People who are dying from Covid-19 often carry some health complication, which takes hold as their immune system is weakened from fighting the virus. This is something that it shares with Spanish flu back to 1918, considering the death rate of Covid-19 is going to be many times lower than that of Spanish flu because of our advanced medical technology and behavioral intervention.
But in terms of human evolution, environmental fitness may involve with our ability to avoid predators (viruses). It simply implies a greater resistance to disease. In consequence, better-adapted individuals will survive better than less-adapted individuals. We can learn a lot from the Spanish flue to save lives and to understand the better-adapted community and individuals. What we really can learn from the Spanish flue is that not only a healthy immune system can deal with the virus reasonably well but also some simple interventions stop the spread of the virus. When the virus struck so quickly, it overwhelmed the immune system, causing a massive over-reaction. In situation like that, treating people on a case-by-case basis would not be enough. Saving the infected ones is not really a real solution to deal with pandemics in urban settings. That means the state needs to mobilize resources as if the country is at war. Policies such as mass testing, quarantining those showing signs of the disease, social distancing, keeping infected cases separate to those suffering more serious illness and limiting people’s movements will help so the disease would burn itself out.

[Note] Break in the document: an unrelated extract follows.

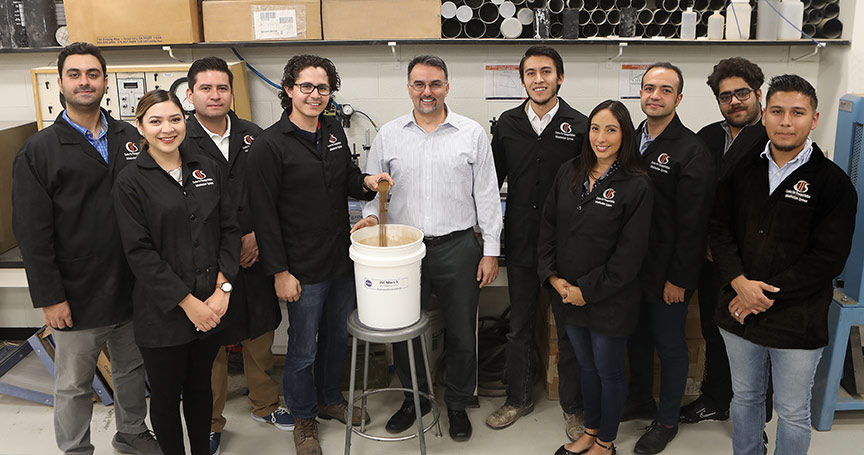 The University of Texas at El Paso's Department of Civil Engineering received an award from NASA's Johnson's Space Center (JSC) to reproduce Martian soil for mechanical interactions. Photo: Laura Trejo / UTEP Communications 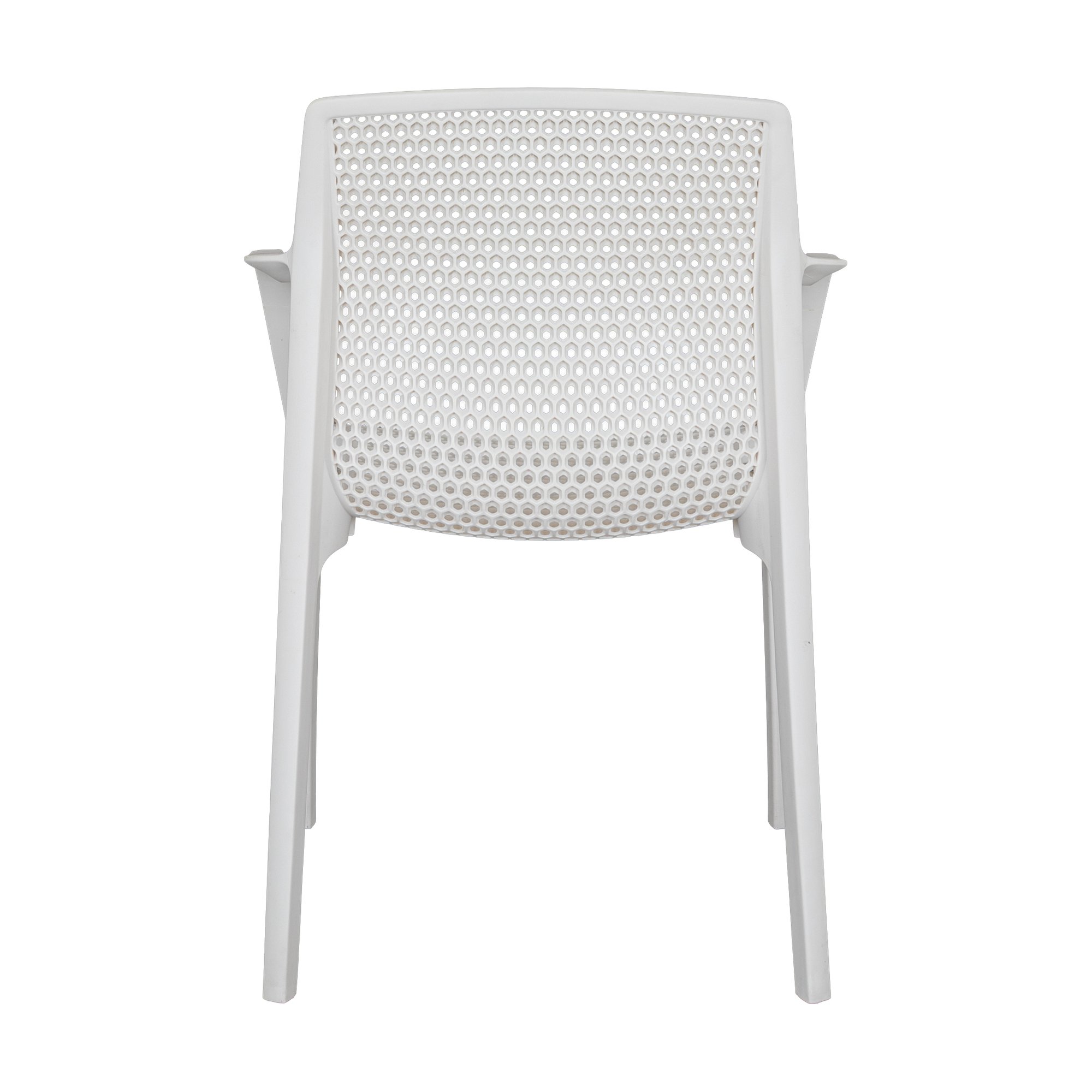Bee Armchair in Off White Polypropylene - image 5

But things have changed and 2020 is very different from 1918. According to Global Health Security Index, less than one in five countries around the globe is prepared for the global pandemic because most of the countries lack intensive care services. People behave in non-protective manner relying on government to take care of them. On top of that, there are a large number of citizens who suffer from heart disease, diabetes, cancer, obesity that weakened their immune system. The conclusion is that we have built a social and economic system that ordinary people are vulnerable. Interventions such as social distancing and staying at home have economic costs. A voice of clarity and alternative solution would be a structural reform of our social and economic system to create better-adapted society and citizens.